Oil royalties bequeathed by the daughter of a former resident cover most of the village's operating budget. Oil workers granted as much as $160 a day in living expenses benefit the owners of the town's hotel/restaurant and Williams' own son, who opened four mobile homes to transient workers and charges $80 a night for the accommodations.
At least two contracting firms serving the oil companies have opened up in Waskada, along with a brand-new, 2,600-square-foot Sunrise Credit Union branch that boasts the village's first ATM.
"It's very popular with the transient population. I'm not going to give you any numbers, but it's already (dispensing) double the amount we started with," said branch manager Steve Brigden, a lifelong-area resident.
Statistics Canada figures show Waskada's population dropped between 2006 and 2011, to 185 from 199. The figure doesn't include transient workers who would lose their living stipends if they list Waskada as their place of residence.
Some of those workers are putting down roots in the village -- along with former residents who are returning home.
"I've lived here 40 years. I saw most of my friends leave. They're coming back and they're bringing their spouses and their friends. There's a lot of optimism," Brigden said.
To illustrate the point, he shows four children how the ATM works. The number of students enrolled in Waskada's school has risen to nearly 100 from a low of 66 in the last decade.

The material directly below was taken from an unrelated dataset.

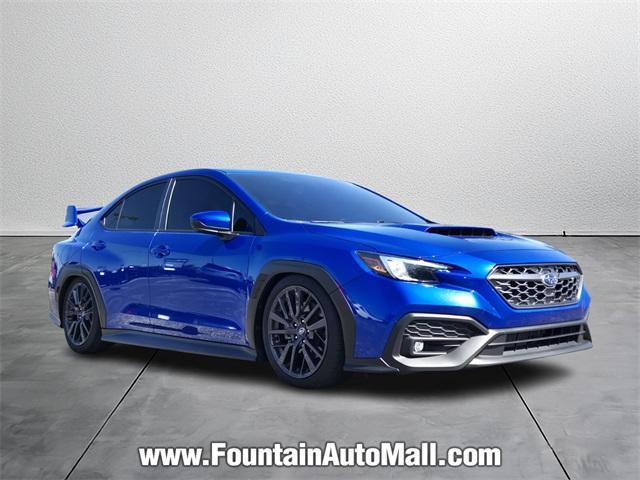 used 2023 Subaru WRX car, priced at $27,997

"It's nice to see children here again," said longtime resident Pam Radcliffe, whose own son returned to work at one of the batteries.

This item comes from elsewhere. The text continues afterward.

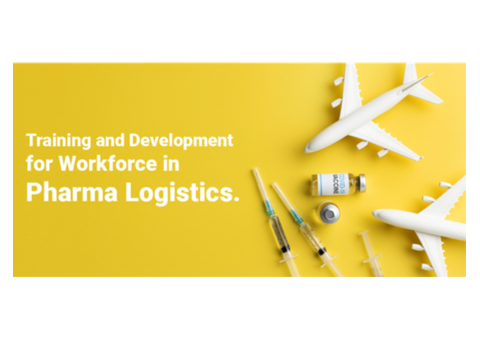 Training and Development for Workforce in Pharma Logistics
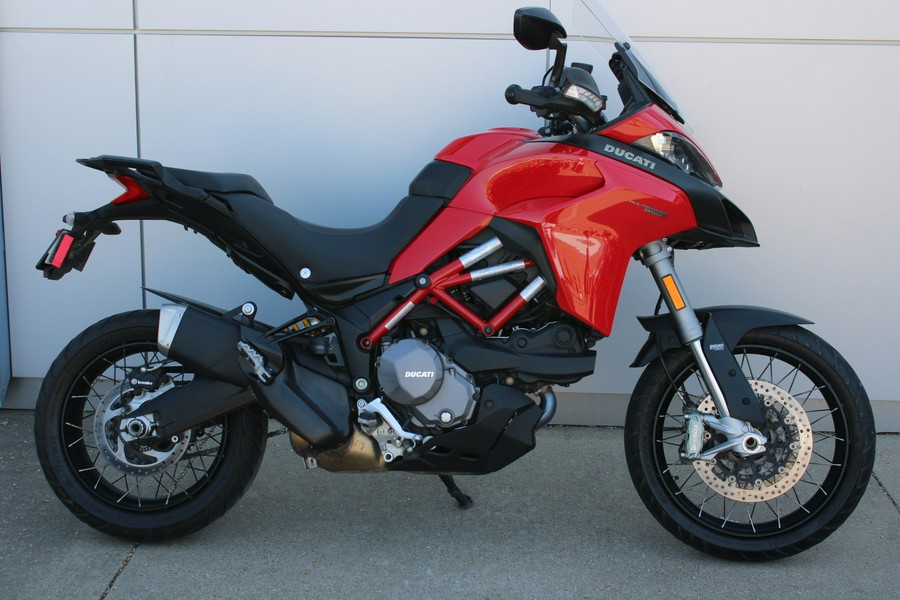 2020 Ducati Multistrada 950 S Spoked Wheels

But there's also concern Waskada's character will change, even if the influx of money, people and industrial activity is mild in comparison with the overheated oil economies in Alberta and North Dakota.
Some of the new Waskada residents park multiple ATVs or trucks on their properties. A small minority doesn't mow their lawns or tend to weeds, Willams said.
The mayor, however, is just grateful his village hasn't experienced anywhere near the social upheaval of small communities in North Dakota, where oil-boom-related drug use, prostitution, crime and high living costs have annoyed or even driven out long-term residents.
"Money doesn't always bring out the best in people," said the mayor, whose own business, Griffith Agencies, sells both auto insurance and liquor. "But we did have a fatal motor-vehicle accident out on the roads. I can't tell you the last time that happened."